WORK INSTRUCTIONS
The reply should hold nothing except the lines from the one with "Así es la pulsera" through the end of the entries, duplicated exactly and with no pictures.

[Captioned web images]
* * *

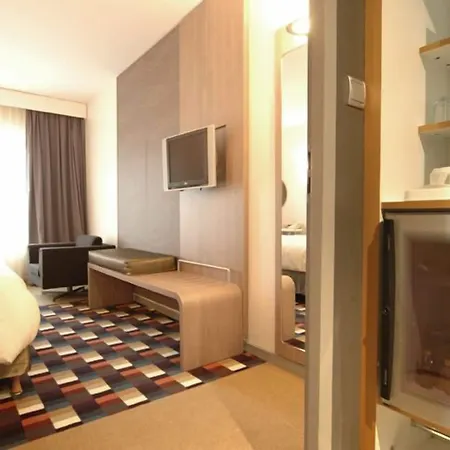 Mercure Centre Porte Des Alpes Otel 4*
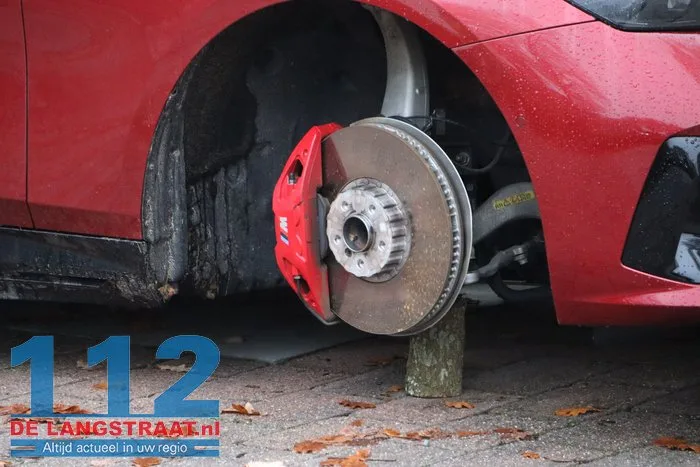 Brutale diefstal: BMW zonder wielen bij woning 4 Brutale diefstal: BMW zonder wielen bij woning 112 De Langstraat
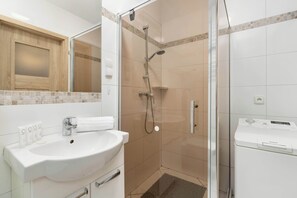 Bruser, hårtørrer, håndklæder, Shampoo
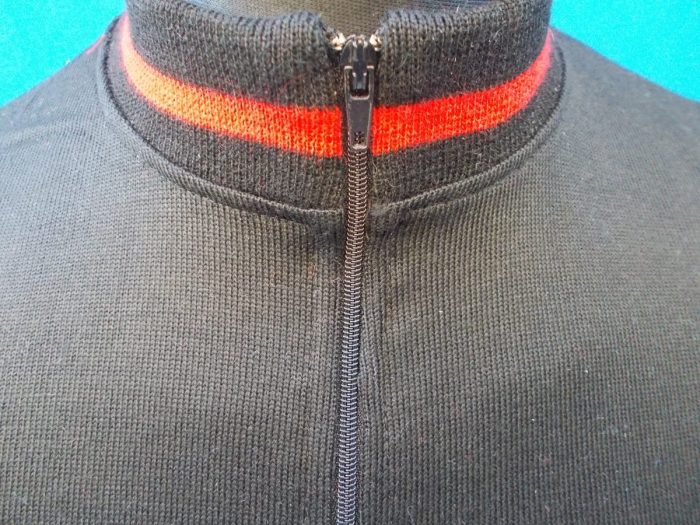 MAGLIA LANA ANNI 70 NERA FASCIA E RIFINITURE ROSSE - immagine 6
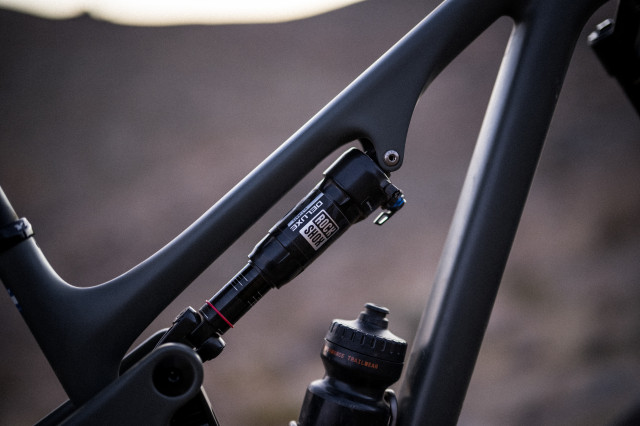 2023 rockshox deluxe ultimate.jpg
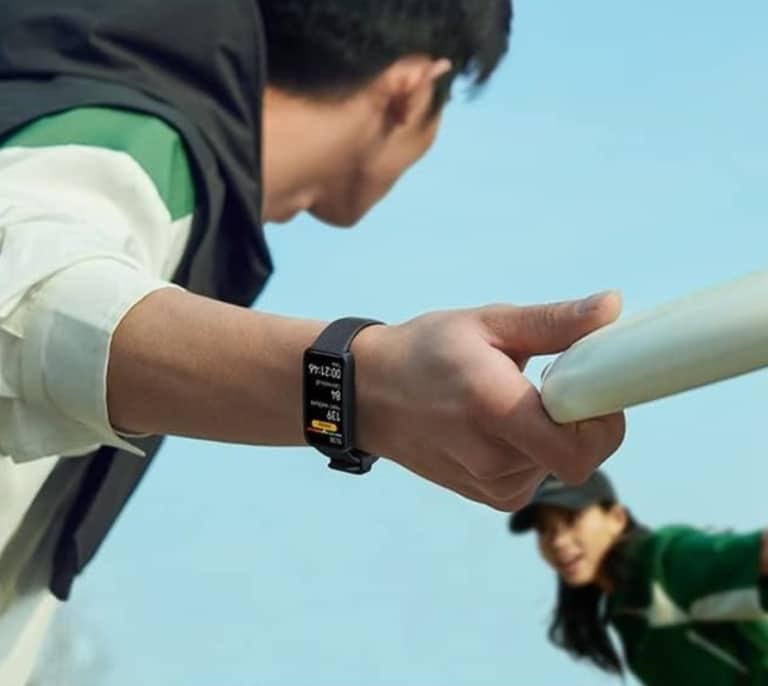 Así es la pulsera de actividad HUAWEI Band 8 top ventas en Amazon y rebajadísima por el Black Friday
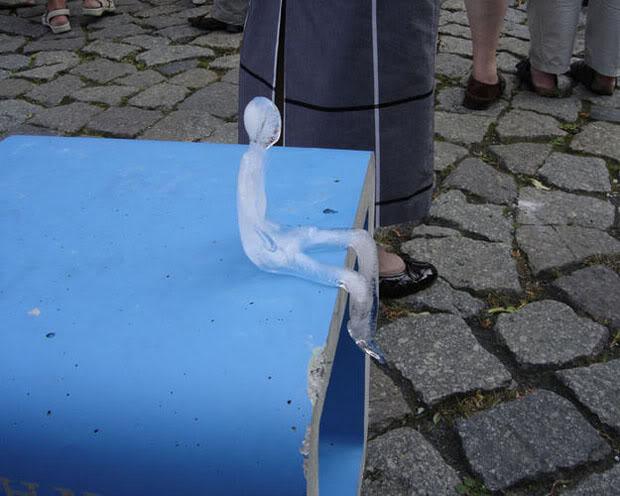 ecobject's tweet image. Melting Men dar-jan.livejournal.com/351231.html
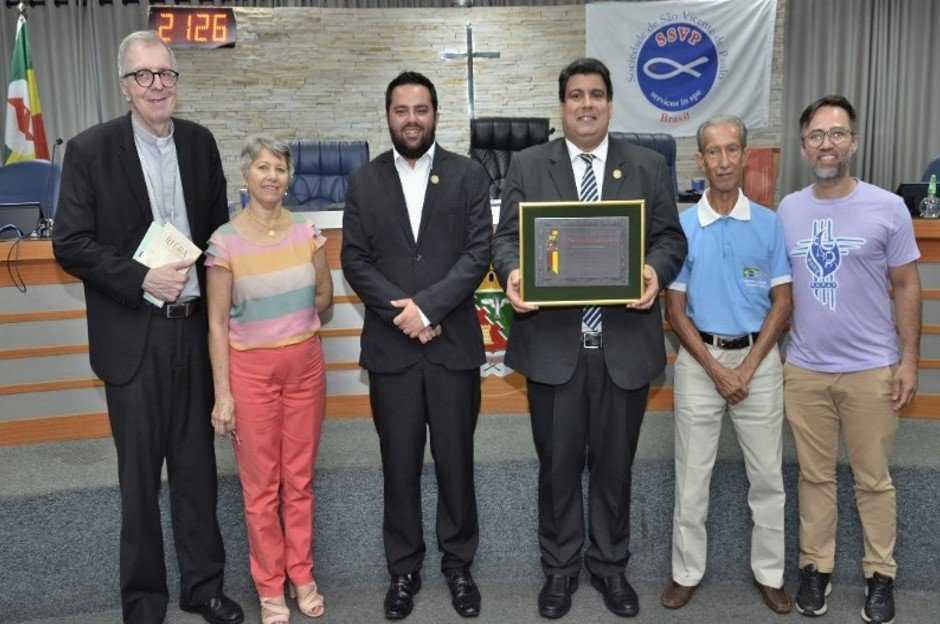 Presidente internacional da SSVP recebe título de cidadão honorário de Barretos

* * *

SOLUTION FOR THIS EXERCISE
 Así es la pulsera de actividad HUAWEI Band 8 top ventas en Amazon y rebajadísima por el Black Friday
 ecobject's tweet image. Melting Men dar-jan.livejournal.com/351231.html
 Presidente internacional da SSVP recebe título de cidadão honorário de Barretos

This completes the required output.